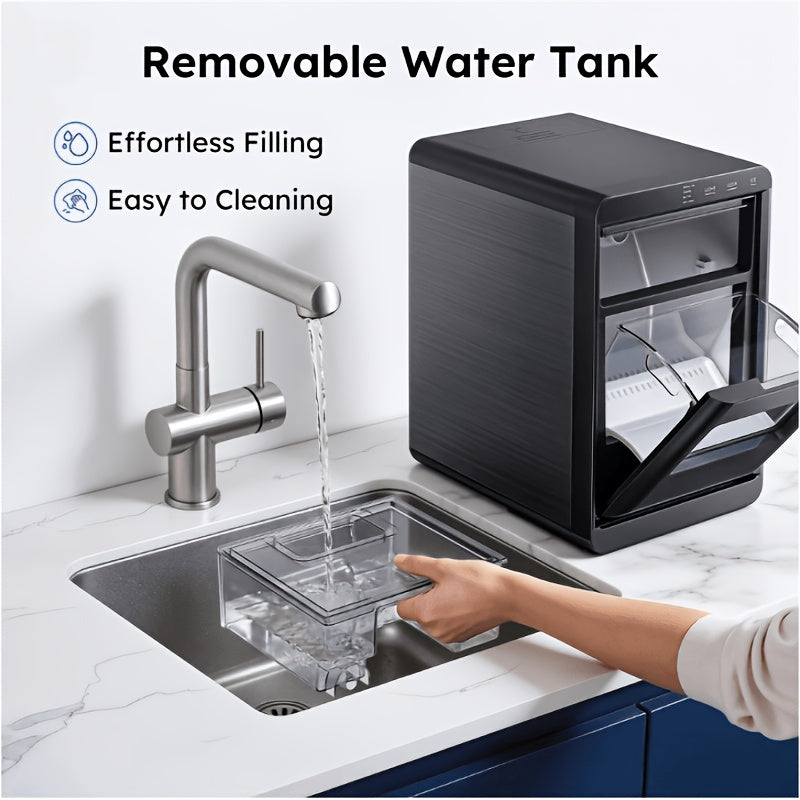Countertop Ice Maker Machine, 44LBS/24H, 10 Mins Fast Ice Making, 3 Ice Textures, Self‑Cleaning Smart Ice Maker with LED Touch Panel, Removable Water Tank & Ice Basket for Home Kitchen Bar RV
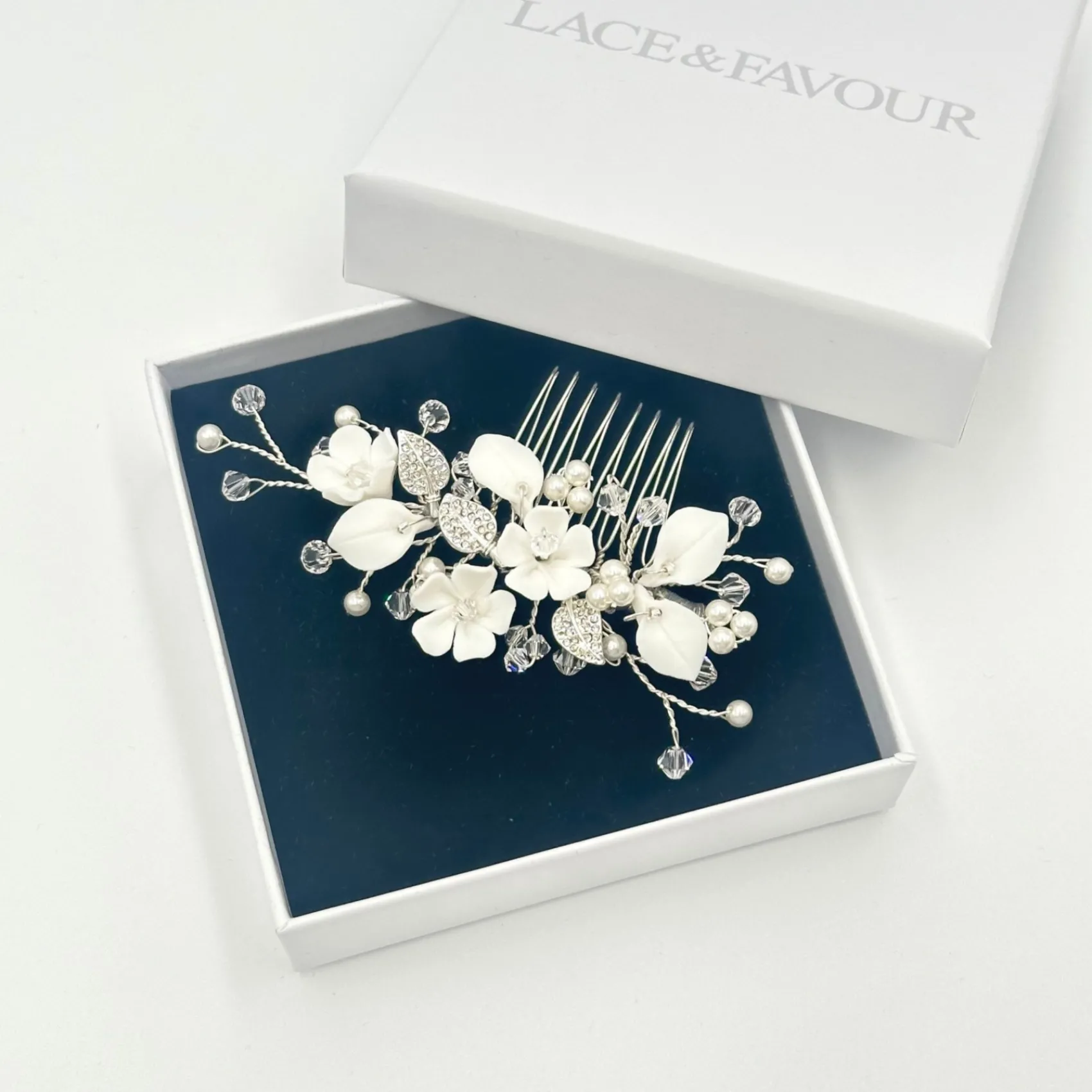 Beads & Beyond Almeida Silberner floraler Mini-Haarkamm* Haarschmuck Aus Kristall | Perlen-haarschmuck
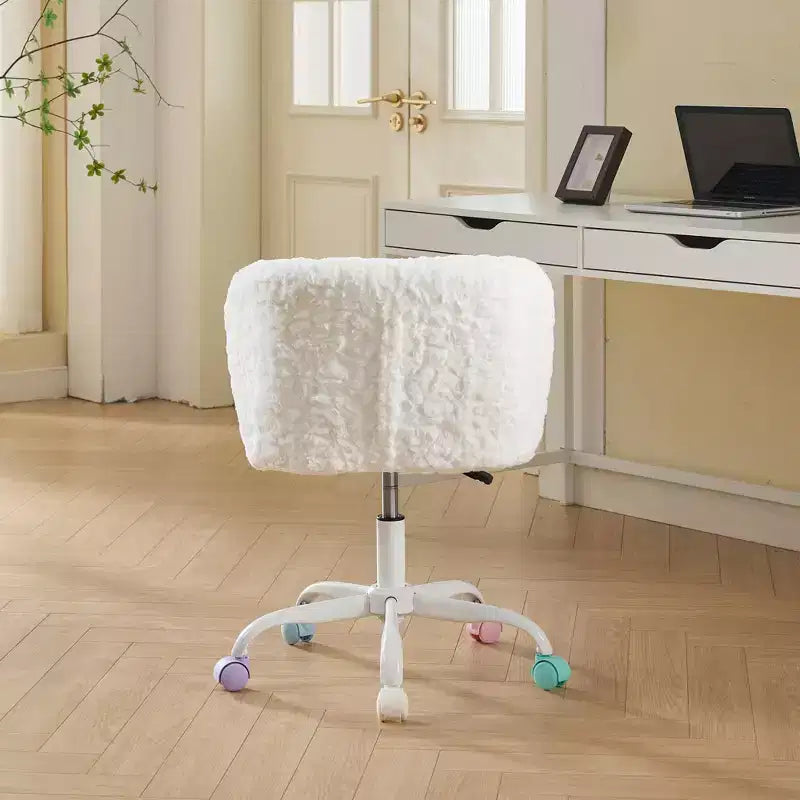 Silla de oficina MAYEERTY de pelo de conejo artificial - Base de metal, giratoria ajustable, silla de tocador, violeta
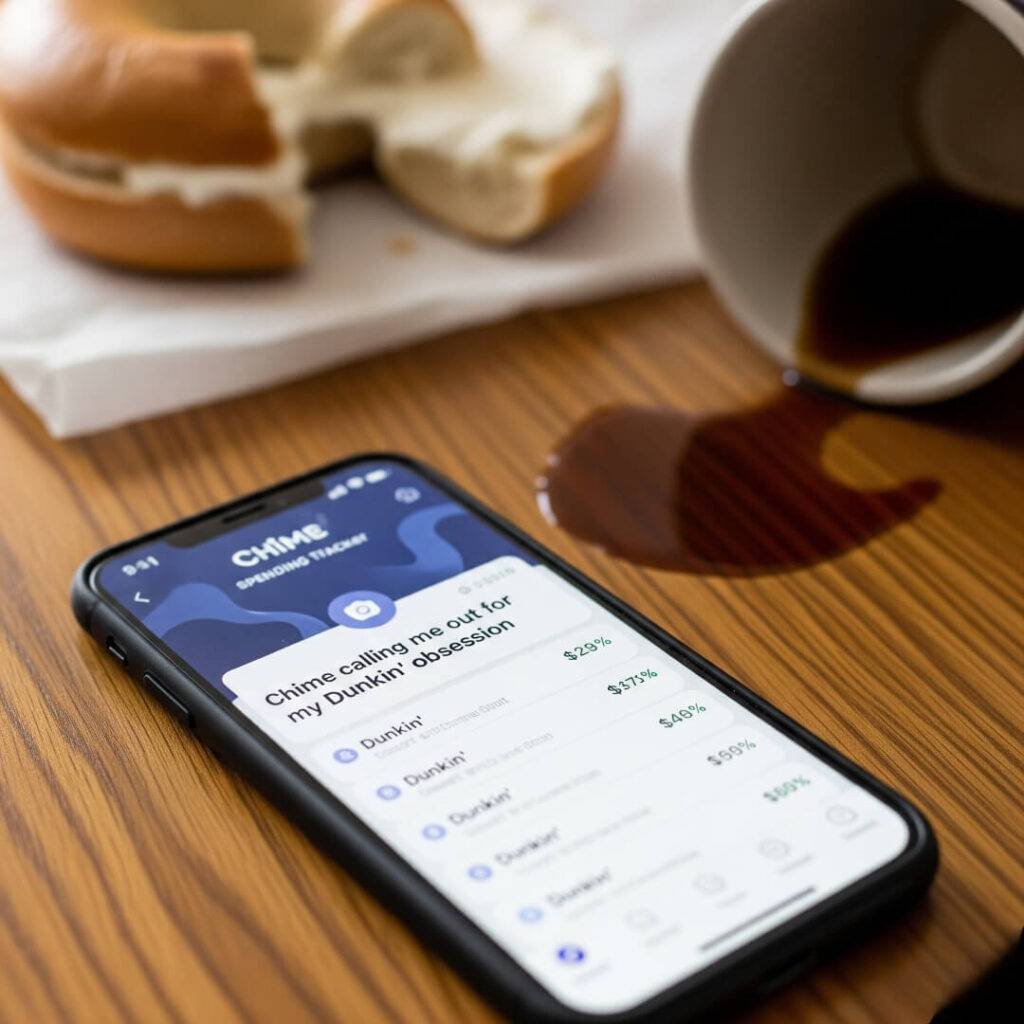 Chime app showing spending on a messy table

....................

__What you should do__:
A word-for-word copy of the material is required; pictures stay out of it.

__Response to this exercise__:
Countertop Ice Maker Machine, 44LBS/24H, 10 Mins Fast Ice Making, 3 Ice Textures, Self‑Cleaning Smart Ice Maker with LED Touch Panel, Removable Water Tank & Ice Basket for Home Kitchen Bar RV
 Beads & Beyond Almeida Silberner floraler Mini-Haarkamm* Haarschmuck Aus Kristall | Perlen-haarschmuck
 Silla de oficina MAYEERTY de pelo de conejo artificial - Base de metal, giratoria ajustable, silla de tocador, violeta
 Chime app showing spending on a messy table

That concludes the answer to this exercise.